You certainly run far more Python than assembler. So, for a real-life
comparison, Python makes more sense than assembler. The same holds for
programs that takes into consideration the specificities of your hardware:
you run far more generic code (unless we are talking about supercomputing).
I was talking about the algorithmic memory fragmentation which results in
extra CPU cycles.
No, it does not, because there it is *random-access* memory. As I was
writing in my other post, RAM fragmentation is only a problem when you run
short of RAM: there are free blocks but, because they are not contiguous, the
kernel cannot allocate them to store a large "object" (for example a large
array). It therefore has to swap.
Running a browser like Firefox on 512MB resulted in swapping.
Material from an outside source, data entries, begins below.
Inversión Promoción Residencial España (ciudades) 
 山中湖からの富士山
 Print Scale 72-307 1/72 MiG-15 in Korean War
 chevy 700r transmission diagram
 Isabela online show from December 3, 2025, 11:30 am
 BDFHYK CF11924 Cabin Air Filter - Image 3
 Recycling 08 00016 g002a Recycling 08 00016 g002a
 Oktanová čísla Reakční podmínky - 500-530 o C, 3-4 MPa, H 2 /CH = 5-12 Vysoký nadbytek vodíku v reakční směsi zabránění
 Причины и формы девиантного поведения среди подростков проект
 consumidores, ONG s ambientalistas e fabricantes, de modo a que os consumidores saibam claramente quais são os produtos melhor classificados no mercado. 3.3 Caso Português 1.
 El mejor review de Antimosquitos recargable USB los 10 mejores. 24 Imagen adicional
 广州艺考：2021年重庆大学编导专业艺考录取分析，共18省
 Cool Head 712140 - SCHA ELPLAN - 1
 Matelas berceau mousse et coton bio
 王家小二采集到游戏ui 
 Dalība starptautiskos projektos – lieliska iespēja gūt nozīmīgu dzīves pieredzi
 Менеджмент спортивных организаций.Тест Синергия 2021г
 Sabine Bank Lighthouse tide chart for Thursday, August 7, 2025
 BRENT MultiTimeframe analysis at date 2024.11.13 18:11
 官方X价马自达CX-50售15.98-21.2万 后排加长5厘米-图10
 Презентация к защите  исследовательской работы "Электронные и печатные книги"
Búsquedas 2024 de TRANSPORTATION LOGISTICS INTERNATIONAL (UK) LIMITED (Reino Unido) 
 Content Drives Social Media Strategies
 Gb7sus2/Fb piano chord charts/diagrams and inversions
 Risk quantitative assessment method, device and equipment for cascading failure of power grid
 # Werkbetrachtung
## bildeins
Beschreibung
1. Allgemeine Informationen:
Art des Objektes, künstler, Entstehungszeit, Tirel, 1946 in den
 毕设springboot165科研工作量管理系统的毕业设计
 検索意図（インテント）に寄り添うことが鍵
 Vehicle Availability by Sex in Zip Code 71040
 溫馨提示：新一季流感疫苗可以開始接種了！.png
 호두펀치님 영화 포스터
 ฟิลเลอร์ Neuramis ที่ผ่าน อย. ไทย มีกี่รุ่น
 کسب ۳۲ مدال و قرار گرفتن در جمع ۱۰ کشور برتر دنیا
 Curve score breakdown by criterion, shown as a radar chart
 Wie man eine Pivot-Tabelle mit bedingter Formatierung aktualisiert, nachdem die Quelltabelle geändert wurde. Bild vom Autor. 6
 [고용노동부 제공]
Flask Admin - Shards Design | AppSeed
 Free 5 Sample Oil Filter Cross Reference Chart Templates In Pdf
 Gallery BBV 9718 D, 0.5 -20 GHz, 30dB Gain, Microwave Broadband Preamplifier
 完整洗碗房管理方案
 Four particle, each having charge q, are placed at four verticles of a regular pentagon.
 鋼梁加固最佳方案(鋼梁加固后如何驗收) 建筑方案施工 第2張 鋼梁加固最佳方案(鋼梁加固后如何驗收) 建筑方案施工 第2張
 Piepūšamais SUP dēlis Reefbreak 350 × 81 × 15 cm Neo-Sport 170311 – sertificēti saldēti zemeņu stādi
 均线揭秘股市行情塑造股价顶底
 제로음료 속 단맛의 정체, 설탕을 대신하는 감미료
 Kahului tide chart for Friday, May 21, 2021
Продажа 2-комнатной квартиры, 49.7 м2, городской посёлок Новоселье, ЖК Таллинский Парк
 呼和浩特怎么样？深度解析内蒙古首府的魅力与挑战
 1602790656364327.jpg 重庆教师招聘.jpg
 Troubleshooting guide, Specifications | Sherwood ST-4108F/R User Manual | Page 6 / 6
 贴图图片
If you assume
that software should be bloated and incompatible with older hardware, you
will never create a lightweight program.
There can be space-efficient (and probably time-inefficient, given the
trade-offs as in my examples above) programs for systems with little RAM,
where the faster (but more space-consuming) program would lead to swapping.
For systems with enough RAM, the space-consuming programs are faster and that
is what users want: a fast program. It makes sense that programmers consider
what most users have, several GB of RAM nowadays, when it comes to designing
their programs to be as fast as possible.
Your tests show that 'dd' is faster with a cache. It is what onpon4 and I
keep on telling you: by storing more data you can get a faster program.